O teísmo (que tem sua raiz na palavra grega theos, que significa deus) contrapõe-se ao ateísmo (em grego, a = negação, theos = deus) e tem uma certa relação com o deísmo, de modo que por algum tempo na história da filosofia teísmo e deísmo representaram a mesma coisa, até que sua distinção foi devidamente feita pelo filósofo alemão Immanuel Kant (1724 – 1804), em sua obra Crítica da Razão Pura. Enquanto no deísmo se acredita que Deus, após ter criado o mundo e suas leis, afastou-se do mundo, tornando-se, portanto, transcendente a ele, o teísmo acredita na existência de Deus ou de deuses como seres pessoais. Acredita também que Deus é perfeito e que é, portanto, onisciente (conhecedor de todas as coisas), onipotente (que está presente em todos os lugares) e perfeitamente bom, sendo, portanto, um criador amoroso que se comunica com os seres humanos e manifesta-se a eles através de seu cuidado. É diferente, também, do panteísmo, pois afirma que Deus existe independentemente da existência do mundo. O teísmo é um elemento central das religiões monoteístas como o islamismo, o cristianismo e o judaísmo e os defensores desse pensamento utilizam-se de vários argumentos para provar a existência de Deus, mas não sem enfrentar diversas críticas às suas principais ideias.

Em sua distinção entre o deísmo e o teísmo, Kant afirma que enquanto o primeiro admite apenas uma teologia transcendental, o segundo afirma também uma teologia natural. Ou seja, enquanto os deístas admitem a existência de um Deus mas negam que se possa atribuir, através da razão, qualquer outra determinação a ele além de que ele seja real, os teístas reconhecem que a razão é capaz de determinar as características particulares da divindade através de uma analogia com a natureza. Para os teístas, portanto, pode-se conhecer a Deus e a seus atributos através do pensamento. De acordo com Kant, os teístas afirmam que Deus é o criador do mundo, enquanto os deístas o afirmam apenas como causa do mundo.

Outra característica do teísmo que marca sua diferença em relação ao deísmo, é que o teísta admite a crença em atributos de Deus que não podem ser alcançados pela razão mas que podem ser conhecidos por meio da revelação. Isso significa que, além de poder-se reconhecer a existência de Deus e algumas de suas características através do exercício do pensamento humano, pode-se conhecer aquilo que é impossível de ser alcançado naturalmente através de uma iluminação proporcionada ao ser humano pelo próprio Deus. No teísmo, portanto, acredita-se em um Deus engajado, que se relaciona e se interessa por sua criação. Ele é, portanto, um “Deus vivo”.

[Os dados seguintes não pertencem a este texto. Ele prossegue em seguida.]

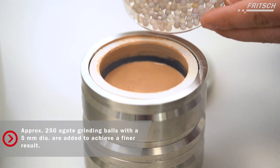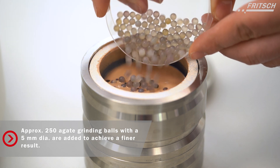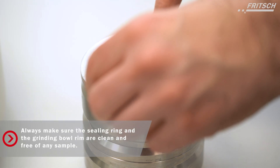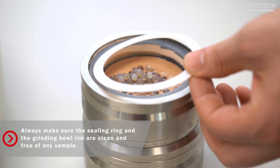Smaller grinding balls are now added to the sample to get an even finer result. Again, make sure the sealing ring and the grinding bowl rim are clean and free of any sample.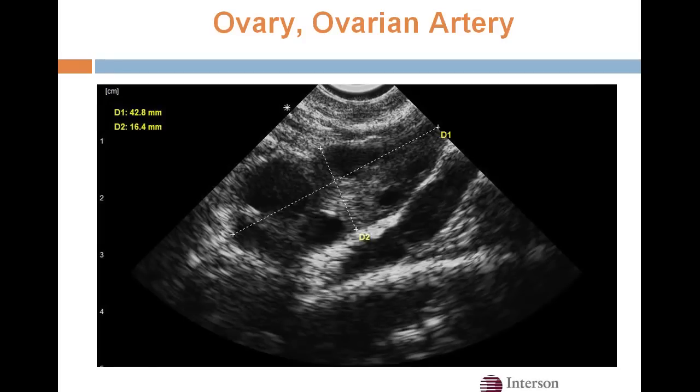Here's an image of the ovary, ovarian artery, and follicles with the transvaginal probe. It's ideal for early pregnancies as well as looking at the adnexa.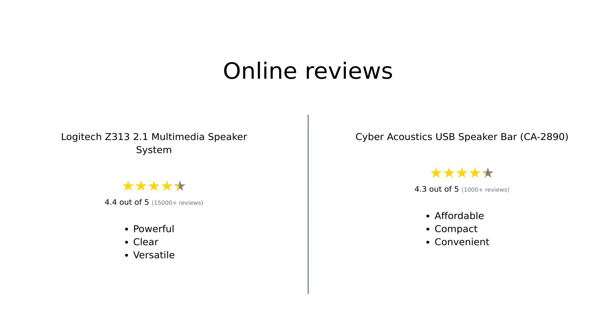In summary, the Logitech Z313 is recognized for its powerful sound and value, making it a great choice for those seeking a fuller audio experience. Meanwhile, the Cyber Acoustics USB speaker bar is celebrated for its affordability, sleek design, and ease of use, making it ideal for those with limited space or budget.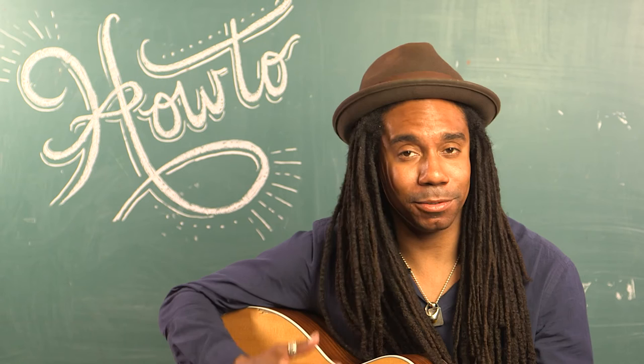My name is Julian Taylor. I'll see you at CBC Music Fest 2016, and bon chance.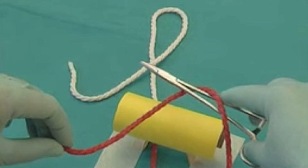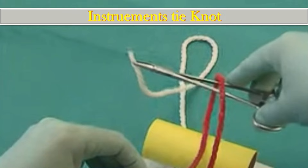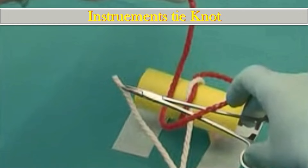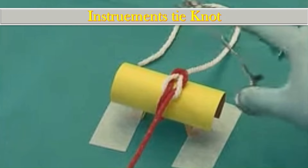Next comes the instrument tied knot. Take the needle holder and make a loop of the pink thread around the needle holder, then grasp the white end with the needle holder and bring the thread towards you. Now open the needle holder and hold the other end of the thread in the same way to form the knot, which is then tied.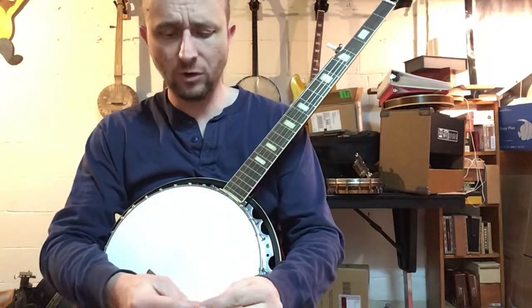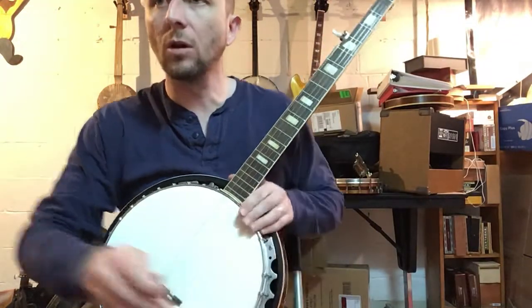Nice tone. I think it would handle Clawhammer pretty well.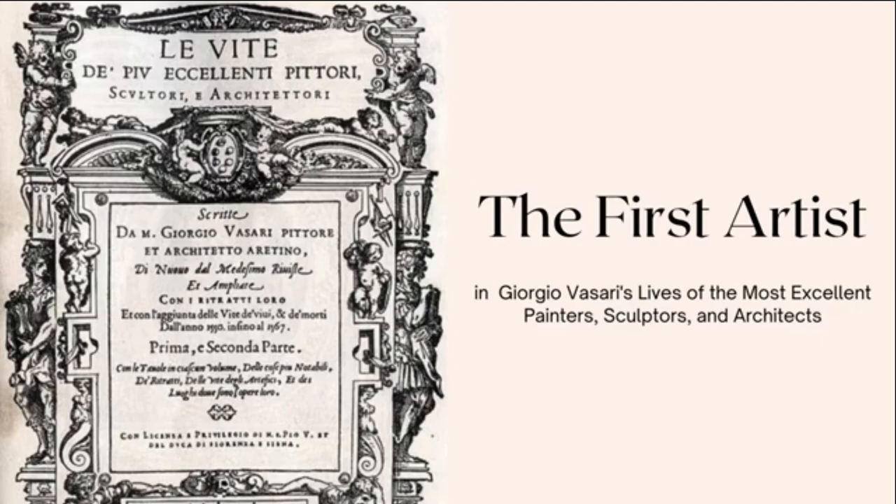Cimabue is said to have been born in 1240 and died in 1300, though these dates are only estimates because there is a record of Cimabue living and working in Pisa in 1302. The only other confirmed document about Cimabue's life is a 1272 one that identifies him as a master painter living in Rome.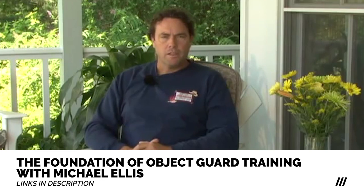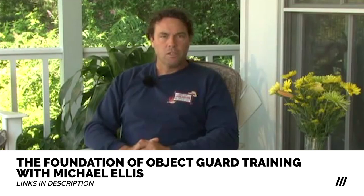Hello, I'm Michael Ellis and today we're going to talk about training the fundamentals of the object guard. The object guard is an exercise found in the ring sports and KNPV — all European-based sport programs. French ring, Mondia ring, and Belgian ring all have a version of the object guard, as does KNPV, the Dutch sport.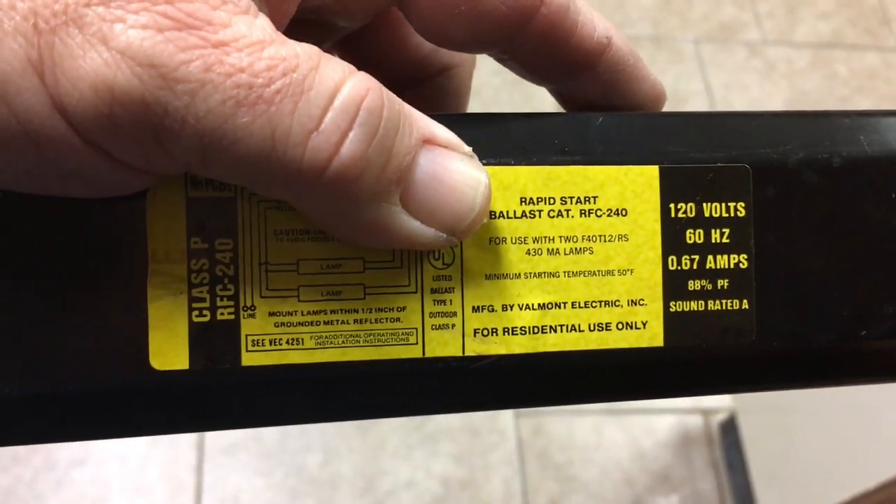Valmont Electric — okay, I'll go ahead and get the new one in. The new ballast is physically installed now. Now to connect all the wires. Okay, everything's all wired back up.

Apesar de toda a discussão acima ter-se dado na chamada idade moderna, mais especificamente durante o desenvolvimento do pensamento iluminista, também é possível identificar o teísmo presente no mundo contemporâneo, tanto na filosofia quanto nas religiões de uma maneira geral. Ele aparece como um aspecto essencial do espiritualismo, que acredita na existência de uma realidade espiritual povoada por espíritos imateriais (anjos, demônios, espíritos desencarnados, etc.), por exemplo. O teísmo possibilita as condições de argumentação necessárias para que o espiritualismo veja-se capaz de reagir às doutrinas filosóficas as quais rejeitava, como idealismo romântico (de tendências panteístas) ou pela doutrina de G.F.W. Hegel (representado também pelo filósofo Johann Gottlieb Fichte, dentre outros).

O teísmo pode ser encontrado no cotidiano social a partir da observação das práticas religiosas mais populares, onde os fiéis demonstram sua crença em uma divindade amorosa que se interessa por suas vidas e que pode intervir em seu favor, por exemplo, em meio às dificuldades do mundo.

Referências:

ABBAGNANO, Nicola. Dicionário de filosofia. Trad. Alfredo Bosi e Ivone Castilho Benedetti. São Paulo: Martins Fontes, 2007.

BUNNIN, Nicholas; YU, Jiyuan. The Blackwell Dictionary of Western Philosophy. Oxford: Blackwell Publishing, 2004.